> _EXERCISE DATA_

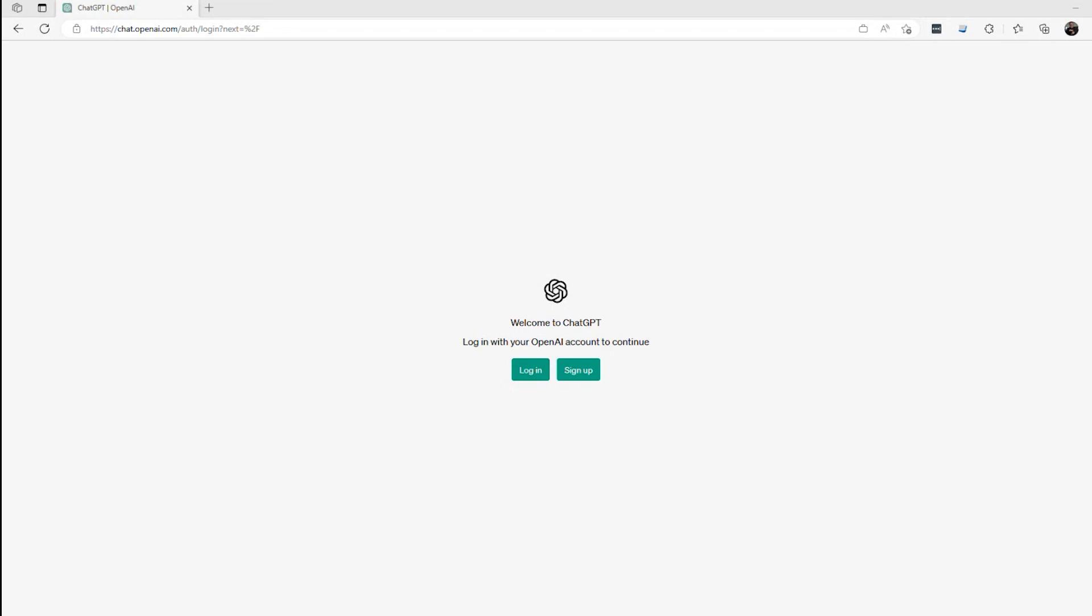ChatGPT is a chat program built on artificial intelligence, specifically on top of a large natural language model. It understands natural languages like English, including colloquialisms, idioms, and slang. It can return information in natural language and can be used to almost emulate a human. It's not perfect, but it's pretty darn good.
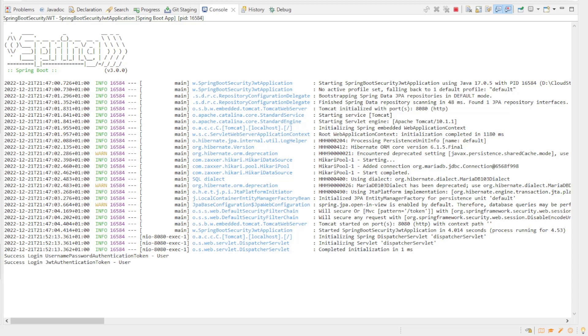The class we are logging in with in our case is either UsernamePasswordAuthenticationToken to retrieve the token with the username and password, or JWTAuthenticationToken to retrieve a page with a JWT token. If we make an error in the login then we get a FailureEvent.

==

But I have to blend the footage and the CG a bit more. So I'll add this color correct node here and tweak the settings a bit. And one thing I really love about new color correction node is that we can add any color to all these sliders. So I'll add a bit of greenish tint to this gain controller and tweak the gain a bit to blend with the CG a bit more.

==

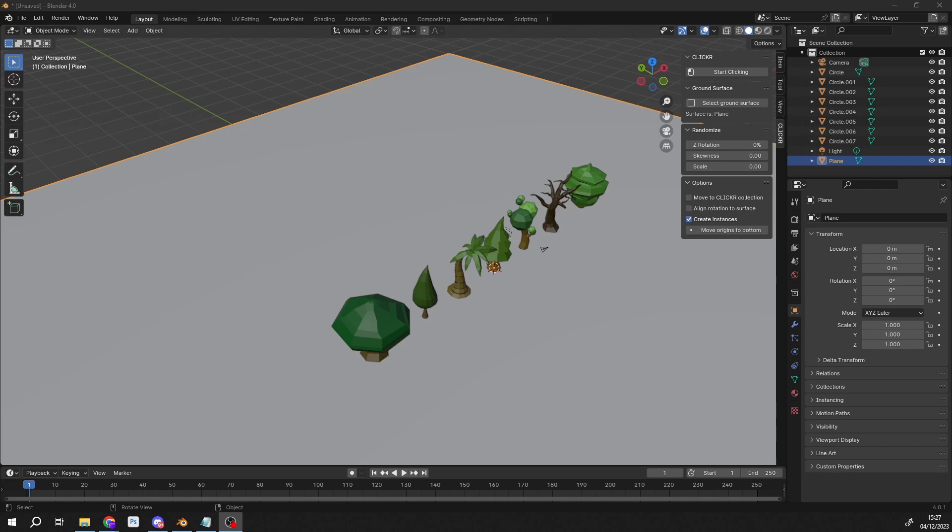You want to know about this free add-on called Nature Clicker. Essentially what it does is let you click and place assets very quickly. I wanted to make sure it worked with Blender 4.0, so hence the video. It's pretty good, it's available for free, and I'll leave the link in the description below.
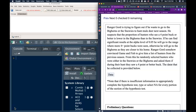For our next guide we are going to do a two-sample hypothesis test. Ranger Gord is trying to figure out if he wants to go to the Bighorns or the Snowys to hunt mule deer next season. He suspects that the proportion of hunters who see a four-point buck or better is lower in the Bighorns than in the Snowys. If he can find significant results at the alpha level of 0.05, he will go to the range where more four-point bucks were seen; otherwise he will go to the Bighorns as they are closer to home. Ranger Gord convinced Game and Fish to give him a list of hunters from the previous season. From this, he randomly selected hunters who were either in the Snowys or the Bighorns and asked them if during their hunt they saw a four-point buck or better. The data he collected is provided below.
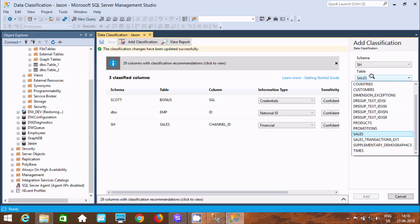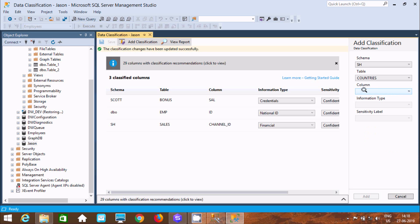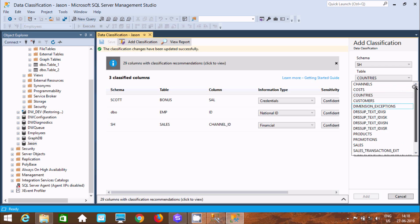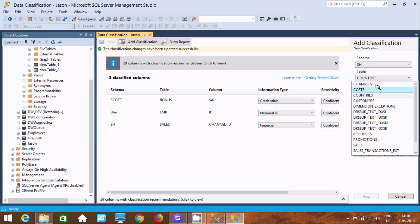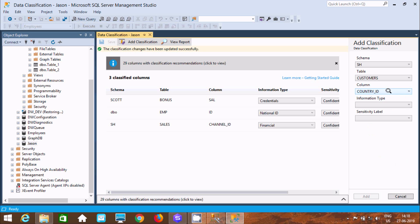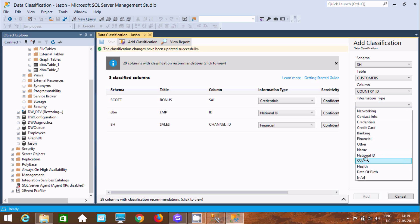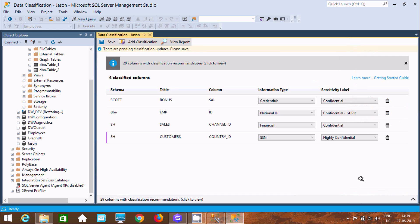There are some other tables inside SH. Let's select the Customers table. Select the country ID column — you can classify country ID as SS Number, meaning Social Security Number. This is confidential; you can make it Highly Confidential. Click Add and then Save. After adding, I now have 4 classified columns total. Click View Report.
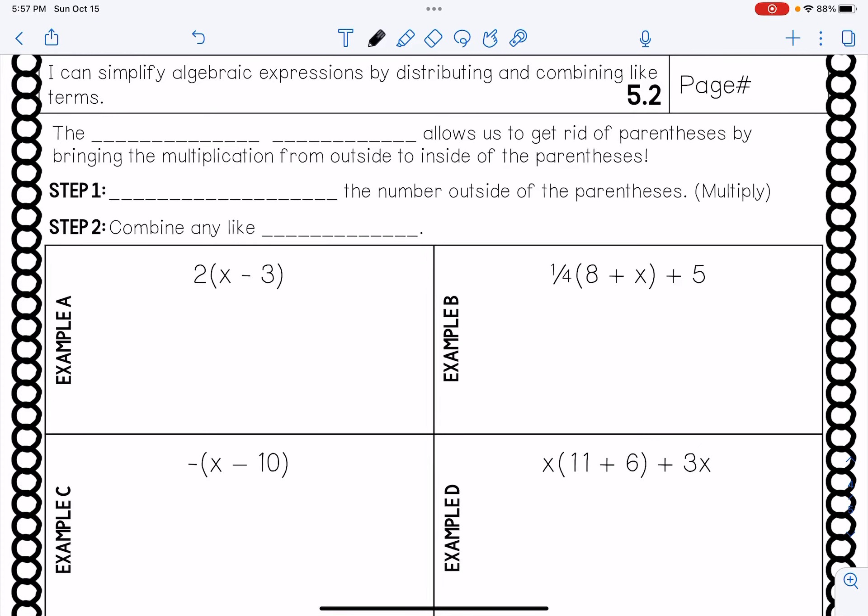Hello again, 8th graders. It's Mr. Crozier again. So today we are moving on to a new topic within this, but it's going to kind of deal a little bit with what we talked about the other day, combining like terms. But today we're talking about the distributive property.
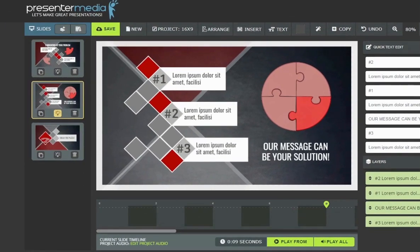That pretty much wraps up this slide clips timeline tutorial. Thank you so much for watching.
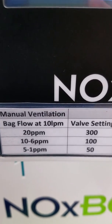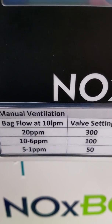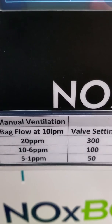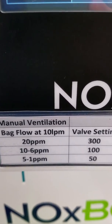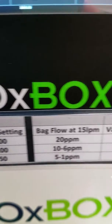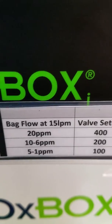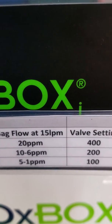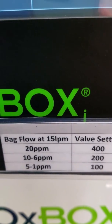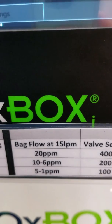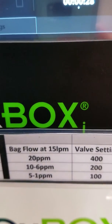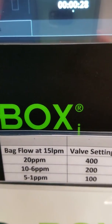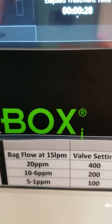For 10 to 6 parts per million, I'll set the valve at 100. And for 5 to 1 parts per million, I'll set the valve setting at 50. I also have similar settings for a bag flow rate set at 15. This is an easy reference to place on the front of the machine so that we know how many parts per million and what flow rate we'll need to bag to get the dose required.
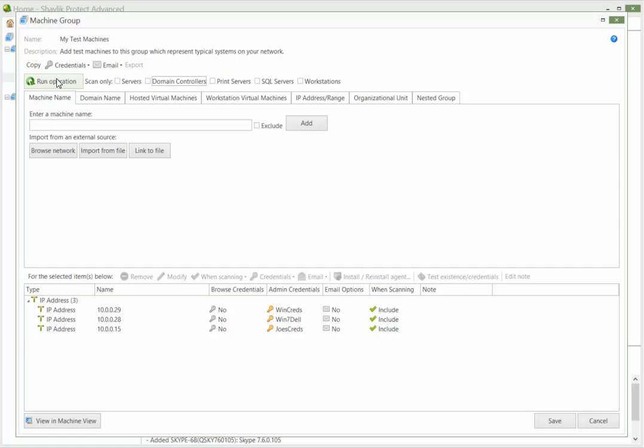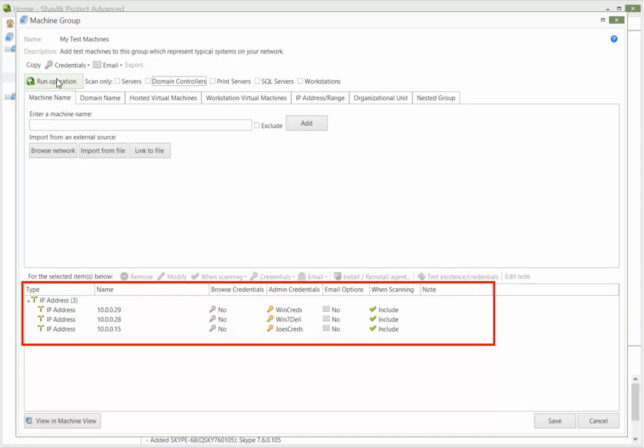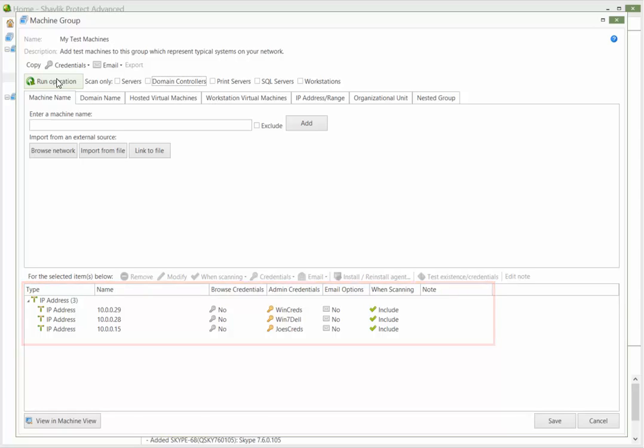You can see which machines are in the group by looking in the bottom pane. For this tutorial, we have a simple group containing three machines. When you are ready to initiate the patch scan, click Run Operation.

> _WHAT TO WORK ON_
In the listing above, find the line containing "For 10 to 6" and the line containing "You can see". Reproduce those lines and all between them exactly, with no pictures and nothing more.

> _SOLUTION TO THIS TASK_
For 10 to 6 parts per million, I'll set the valve at 100. And for 5 to 1 parts per million, I'll set the valve setting at 50. I also have similar settings for a bag flow rate set at 15. This is an easy reference to place on the front of the machine so that we know how many parts per million and what flow rate we'll need to bag to get the dose required.
You can see which machines are in the group by looking in the bottom pane. For this tutorial, we have a simple group containing three machines. When you are ready to initiate the patch scan, click Run Operation.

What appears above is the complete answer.